PART 1 PKMFT UNJ 2015 - 6 JUNI 2015
Oleh : Rakha Ramadhana (1) T.Elektro / PTIK / 2014
Tema : Pemimpin yang Berkarakter Religius, Berpikir, dan Bertindak Solutif
Pembicara : Muhammad Yusro (Dosen Fakultas Teknik)
Tanggal : 6 Juni 2015
Jumlah Peserta : 106 orang
            Seperti pada PRA PKMFT UNJ 2015, acara dimulai dengan baris-berbaris untuk memasuki Lobi Gedung Sertifikasi Guru, dari jam yang telah dipersiapkan oleh panitia yaitu 07.00 sampai 07.30. Dalam agenda PKMFT part 1 kali ini, pengurangan nilai dalam ketelatan lebih diberatkan, yaitu dengan pengurangan nilai individu minus 10. Dengan di berikan jarkoman seperti ini, para peserta yang datang tepat waktu meningkat, tetapi kedatangan seluruh peserta pada part 1 ini cenderung untuk berkurang, dari yang pada pra dihadiri oleh 137 peserta, saat ini pada part 1 dihadiri oleh 106 peserta. Namun, karena hal ini adalah pelatihan, pasti banyak peserta yang terseleksi dengan sendirinya.

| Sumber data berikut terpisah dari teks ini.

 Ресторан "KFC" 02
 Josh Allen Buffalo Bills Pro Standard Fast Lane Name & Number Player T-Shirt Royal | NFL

            Pada 07.30, para peserta yang datang telat mulai diberi ganjaranya masing-masing, sementara kami yang datang tepat waktu mendapatkan waktu untuk beristirahat, sarapan dan mengisi absen terlebih dahulu. Setelah para peserta telah terkondisikan, agenda dimulai dengan masuknya peserta ke Lobi Gedung Sertifikasi Guru. Beda dengan pada PRA PKMFT 23 Mei lalu, kali ini, yang menjadi MC adalah Miqdad Ramadhan (Teknik Mesin – 2013). Miqdad memulai acara dengan jargon klasik yang selalu diserukan yaitu jargon PKMFT UNJ 2015.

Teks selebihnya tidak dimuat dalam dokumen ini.